I have looked at countless images of the Blue Medicine
Buddha since that time, imagining what the monks envisioned
in their daily meditation, and have wondered with awe,
how this vision enabled them to unite in a common goal
and work tirelessly from sun up to sun down.
So deeply did this story affect me that
although I am neither Tibetan nor Buddhist, I have tried
to paint the Blue Medicine Buddha many times, and each
time, I failed. I cannot do justice to an iconographic
knowledge that I have not lived, except through another’s
story. While I knew that in hospitals and clinics throughout
Southeast Asia the image of the Blue Medicine Buddha has
been instrumental in healing, and that the great spiritual
teachers have quite often been medical healers as well, [1] I
am also aware that it was not this information that made
me want to paint the Blue Medicine Buddha. I wanted to
know this grounded center, this Buddha that offers healing
as a balance of spiritual and physical dimensions. The
eventual outcome, however, was quite different than I consciously
planned. I began to see how painting to know the center
of anything often opens connections, grounds one in humility
and also compassion for all that is not so centered in
one’s personal, communal world.
I should explain that I am an artist and also an art educator. Both the actions of painting
and teaching are so deeply engrained in my being that
when I sense difficulties in my art making, I become
mindful that the same challenges often surface in my
teaching, and vice versa. One is a metaphor for the other.
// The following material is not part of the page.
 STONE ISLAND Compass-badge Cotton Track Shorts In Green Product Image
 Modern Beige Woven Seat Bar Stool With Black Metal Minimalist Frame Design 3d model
I only begin to know my nature because of that which
speaks through the process of painting, through the medium
itself, and through what I visualize.
The work that follows is a phenomenological
journey which explores the personal terrain of art making
and teaching as gnosis. A lot of my time has been spent
in “just sitting” or shikantaza, as noted by Stephanie Kaza (1993), as a way to open
to the story that needs telling. When a researcher is able
to understand through direct experiences rather than a
cognitive explanation, it is more likely to be the case
that one can be mindful of “the habits of language” (10)
that distance us with idealism, stereotypical thinking,
and oversimplification. It is not easy to stay with a painting,
for example, that seems to want a different resolution
than the straightforward portrayal I had in mind. It is
not easy to teach students to let go of many preconceptions
they have about how they will be a teacher. Both of these
challenges often found me “just sitting.” As Kaza notes
in her own research on trees, when one studies the way
that mountains are mountains, and trees are trees, “one
sees them explode into all the phenomena that support their
existence” (11). Thus enriched, the trees become more than
isolated objects, the mountains are no longer separated
from the landscape, and the observer, should one sit long
enough to understand, is transformed into a participant.
In this short work, I begin by exploring gnosis
as a way of knowing that
is direct, embodied, and embedded in the active imagination
that is so essential in teaching and art making. Second,
I consider how compassion as a way of knowing can develop
within a cosmology that recognizes the dependent, relational
quality of everything that manifests. Last, I propose
that releasing as a way of knowing opens the teacher and the artist in the most profound
way to understand the experiences that occur in the classroom
and beyond. As I let go of the outcome in my painting
of what I thought would be the Blue Medicine Buddha,
for example, I simultaneously became present once again
to the idea that not knowing
is often as valuable as accumulated knowledge in both
teaching and art making.
Gnosis as a way of Knowing
Gnosis is a kind of knowledge generally
considered to be based on direct, personal experience and
subsequent insight into ultimate reality and the nature
of the self. While gnosis may or may not be connected with
Gnostic beliefs, there does seem to be a corollary present
between Eastern thinking, in some strands of Islamic thinking
(Corbin, 1978; Cheetham, 2005; 2003), Hinduism and Mahayana
Buddhism,[2] with Western Gnostic[3] knowing.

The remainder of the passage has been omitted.